[Caption-style text data]
>>>>
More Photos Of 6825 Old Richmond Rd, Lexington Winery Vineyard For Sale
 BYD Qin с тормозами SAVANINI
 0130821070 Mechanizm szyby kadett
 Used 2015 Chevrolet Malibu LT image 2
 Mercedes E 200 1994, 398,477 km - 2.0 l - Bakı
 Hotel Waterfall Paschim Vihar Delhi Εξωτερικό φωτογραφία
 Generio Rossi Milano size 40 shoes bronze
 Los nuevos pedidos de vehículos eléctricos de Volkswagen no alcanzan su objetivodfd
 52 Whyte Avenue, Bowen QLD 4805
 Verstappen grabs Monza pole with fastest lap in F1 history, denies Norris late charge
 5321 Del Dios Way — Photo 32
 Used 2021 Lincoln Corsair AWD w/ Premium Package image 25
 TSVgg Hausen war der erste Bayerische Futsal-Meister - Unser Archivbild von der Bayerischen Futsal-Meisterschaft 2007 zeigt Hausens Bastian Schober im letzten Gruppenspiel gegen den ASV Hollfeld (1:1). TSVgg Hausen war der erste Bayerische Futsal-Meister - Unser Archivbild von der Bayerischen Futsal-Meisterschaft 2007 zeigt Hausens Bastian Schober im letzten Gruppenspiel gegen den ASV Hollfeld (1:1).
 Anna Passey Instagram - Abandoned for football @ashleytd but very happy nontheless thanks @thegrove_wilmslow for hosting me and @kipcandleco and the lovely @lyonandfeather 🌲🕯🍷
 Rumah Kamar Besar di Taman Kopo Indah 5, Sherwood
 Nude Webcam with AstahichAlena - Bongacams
<<<<
Task details
Your reply should hold all the entries, each repeated without a single change.

Reply
More Photos Of 6825 Old Richmond Rd, Lexington Winery Vineyard For Sale
 BYD Qin с тормозами SAVANINI
 0130821070 Mechanizm szyby kadett
 Used 2015 Chevrolet Malibu LT image 2
 Mercedes E 200 1994, 398,477 km - 2.0 l - Bakı
 Hotel Waterfall Paschim Vihar Delhi Εξωτερικό φωτογραφία
 Generio Rossi Milano size 40 shoes bronze
 Los nuevos pedidos de vehículos eléctricos de Volkswagen no alcanzan su objetivodfd
 52 Whyte Avenue, Bowen QLD 4805
 Verstappen grabs Monza pole with fastest lap in F1 history, denies Norris late charge
 5321 Del Dios Way — Photo 32
 Used 2021 Lincoln Corsair AWD w/ Premium Package image 25
 TSVgg Hausen war der erste Bayerische Futsal-Meister - Unser Archivbild von der Bayerischen Futsal-Meisterschaft 2007 zeigt Hausens Bastian Schober im letzten Gruppenspiel gegen den ASV Hollfeld (1:1). TSVgg Hausen war der erste Bayerische Futsal-Meister - Unser Archivbild von der Bayerischen Futsal-Meisterschaft 2007 zeigt Hausens Bastian Schober im letzten Gruppenspiel gegen den ASV Hollfeld (1:1).
 Anna Passey Instagram - Abandoned for football @ashleytd but very happy nontheless thanks @thegrove_wilmslow for hosting me and @kipcandleco and the lovely @lyonandfeather 🌲🕯🍷
 Rumah Kamar Besar di Taman Kopo Indah 5, Sherwood
 Nude Webcam with AstahichAlena - Bongacams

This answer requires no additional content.